Dermigny v. Siebert

Order, Supreme Court, New York County (Richard F. Braun, J.), entered May 18, 2009, which denied defendant’s motion to dismiss the complaint, unanimously reversed, on the law, with costs, and the motion granted. The Clerk is directed to enter judgment accordingly.

In this action for malicious prosecution, the court erred in holding that defendant, who had answered the complaint, was required to moved for summary judgment instead of moving to dismiss the complaint for failure to state a cause of action under CPLR 3211 (a) (7) (CPLR 3211 [e]; Herman v Greenberg, 221 AD2d 251 [1995]).
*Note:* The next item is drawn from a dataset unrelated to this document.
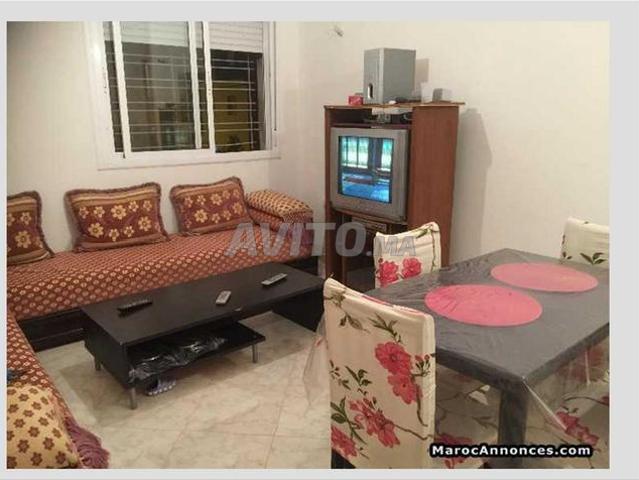 Appartement location à Ben Slimane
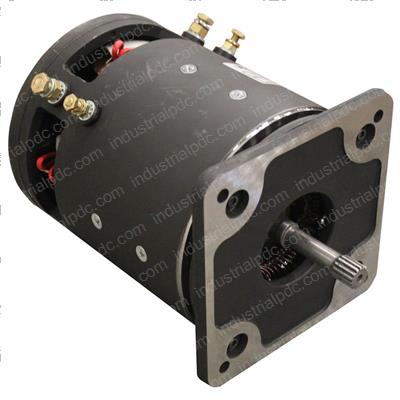 Picture of Motor - Drive 36-48 Volt Dc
The court’s determination that plaintiff had sufficiently pleaded special injury in support of his malicious prosecution claim was also error. Plaintiff failed to allege facts that would establish special injury, i.e., “some concrete harm that is considerably more cumbersome than the physical, psychological or financial demands of defending a lawsuit” (En-gel v CBS, Inc., 93 NY2d 195, 205 [1999]). Although plaintiff alleged generally that he did not receive job offers from employers during the pendency of the previous action commenced by defendant, he did not identify any employer that refused to offer him a job because of the prior action (see id. at 207; Kaye v Trump, 58 AD3d 579, 580 [2009], Iv denied 13 NY3d 704 [2009]). In addition, his affidavit in opposition to defendant’s motion, stating that he was interviewed by five employers and was offered one position, contradicted his claim that he had been “blacklisted” on Wall Street (see Biondi v Beekman Hill House Apt. Corp., 257 AD2d 76, 81 [1999], affd 94 NY2d 659 [2000]). Concur — Mazzarelli, J.P., Acosta, Richter, Abdus-Salaam and Román, JJ.